Artificial intelligence has become the shining star of modern medicine—helping detect cancers, easing workloads, and promising faster, more accurate diagnoses. But a growing body of research raises a difficult question: Is AI quietly making doctors worse at their jobs?

When Help Becomes a Crutch
AI has proven invaluable in areas like colonoscopies, where it assists doctors in spotting precancerous growths. But new research suggests that when doctors lean on AI for too long, their own detection skills weaken.
In a major study, physicians who had used AI tools for three months saw their accuracy drop by up to 20% when performing colonoscopies without assistance. This means that the very technology designed to make medicine safer could be eroding doctors’ ability to perform independently.
And it’s not just one specialty. Experts warn that “deskilling”—losing sharpness through overreliance—can spread across many medical fields if AI isn’t used thoughtfully.
The Bigger Problem: Cognitive and Ethical Risks
Beyond lost skills, AI reliance can lead to “moral deskilling.” This happens when doctors stop engaging deeply with patient cases, deferring too much to what the machine says.
That shift can chip away at clinical judgment, empathy, and even ethical decision-making—qualities no algorithm can replace.
For medical trainees, the risks are even greater.
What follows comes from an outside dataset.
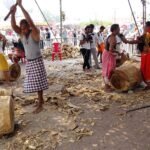 ରଥଖଳା:ରଥ ନିର୍ମାଣ କାର୍ଯ୍ୟ ତୃତୀୟ ଦିବସ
If AI becomes a default teaching tool, future generations of doctors could graduate with fewer hands-on skills, making them less prepared to practice without AI support.
Why This Matters for Patients
- Patient Safety at Risk – If doctors can’t perform as effectively without AI, outcomes could suffer when technology isn’t available or malfunctions.
- Loss of Clinical Judgment – Medicine relies on experience, intuition, and reasoning. Overdependence on AI weakens all three.
- Training Shortfalls – Young doctors may rely on AI too soon, missing chances to develop their own expertise.
- Trust in Care – Patients expect their doctor’s judgment—not a machine’s—to guide life-altering decisions.
Frequently Asked Questions
| Q | A |
|---|---|
| Does AI really make doctors worse? | Evidence shows that prolonged reliance can weaken doctors’ skills, lowering accuracy when AI is turned off. |
| How much can performance drop? | Studies have shown a 20% decrease in polyp detection during colonoscopies without AI after extended use. |
| Is this only about colonoscopies? | No—the issue is broader. Any field where AI dominates could see skill erosion. |
| What is “moral deskilling”? | It’s when doctors lose confidence in ethical and clinical reasoning because they over-trust AI outputs. |
| How can this be prevented? | AI should complement—not replace—human expertise. Hospitals must train doctors in AI literacy, rotate tasks, and ensure decisions always involve human judgment. |
Final Thought
AI is medicine’s most powerful new ally—but only if used wisely. Handled poorly, it risks dulling the very skills that make doctors irreplaceable. The challenge ahead isn’t choosing between human or machine—it’s making sure doctors stay sharp while AI enhances their care.